Emperor Huangdi is considered to be the ancestor of the Han Chinese. Huangdi is actually one of the "5 emperors" who were around before the Xia Dynasty, the first dynasty of China to be recorded historically. Yet, there is not much evidence that the Xia dynasty actually existed. Ignoring the whole historical debate, Huangdi is seen as a morally perfect emperor. Also known as the Yellow Emperor, the Chinese have historically pointed to him and his sons as the forebearers of the noble families of the first three dynasties (Xia, Sheng, & Zhou) as well as the progenitors of all Han.

Needless to say Huangdi is a rather important person in Chinese history. Other than his bringing together of tribes to form China, He also is a deity of Taoists, and is credited with not only inventing the calendar as well as ordering the creation of Chinese characters, thus the language being called 'hanyu' or Han-language while the characters are called 'hanzi' or han-characters.

The Spring Festival is a major event, it brings families and friends together. People gather to celebrate, to eat, to dance, and to remember their history and heritage. A fifteen day long celebration after the new year consists of many visits to friends and neighbors, much eating of symbolic dishes and overall jubilation.

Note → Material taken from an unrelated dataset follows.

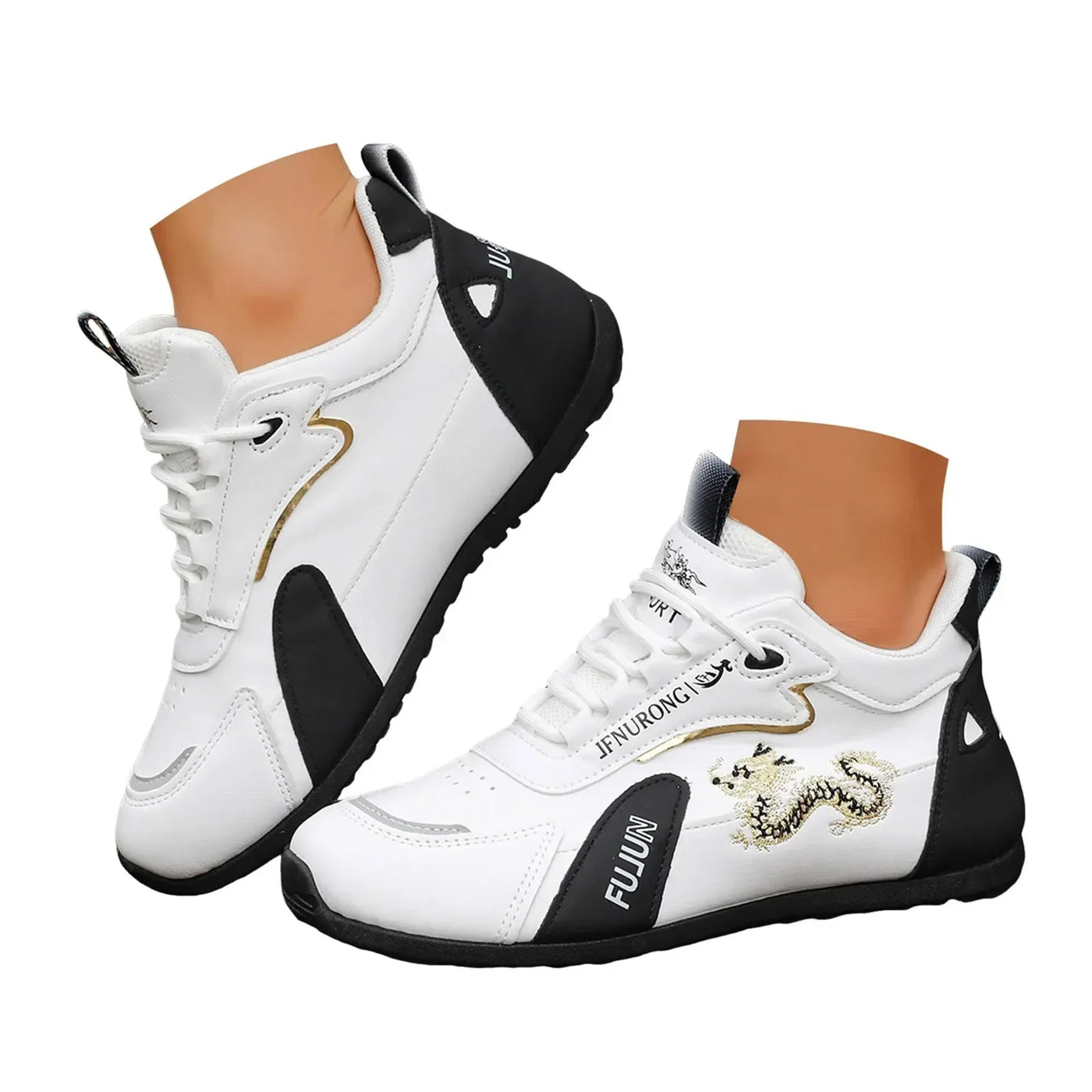 Women Designer Sneakers 2025 Summer Leather Waterproof Casual Sports Shoes Women Lightweight Breathable Anti-Slip Platform Shoes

But where does tea fit in...

In some regions of China Tea is the first thing to be consumed in the new year. After you take a drink you should say "life will be happy". Traditionally the Tea is also served with Lotus seeds, to signify "you will give birth to a boy", Sticky rice flour cakes, to signify "you will be promoted to a high position", and/or Filled sticky rice balls, to signify that all the family members will live in harmony and be reunited.

So have a cup of tea today, preferably some red tea (that's black tea to us British-tea minded folk) , hopefully the color red will scare away the 'Nian'. Who knows, maybe having a glass will help fulfill what the Ox stands for and this year will be prosperous for you, through fortitude and hard work!

1 comment:

  1. Happy New Year! Hope you got some hits from the cheese blog. I just got a bunch of strangely wonderful questions from someone I do not know. To begin, "Has cheese ever saved a life?" It only gets better. Can't wait to try out the tea site and coupon! Thank you!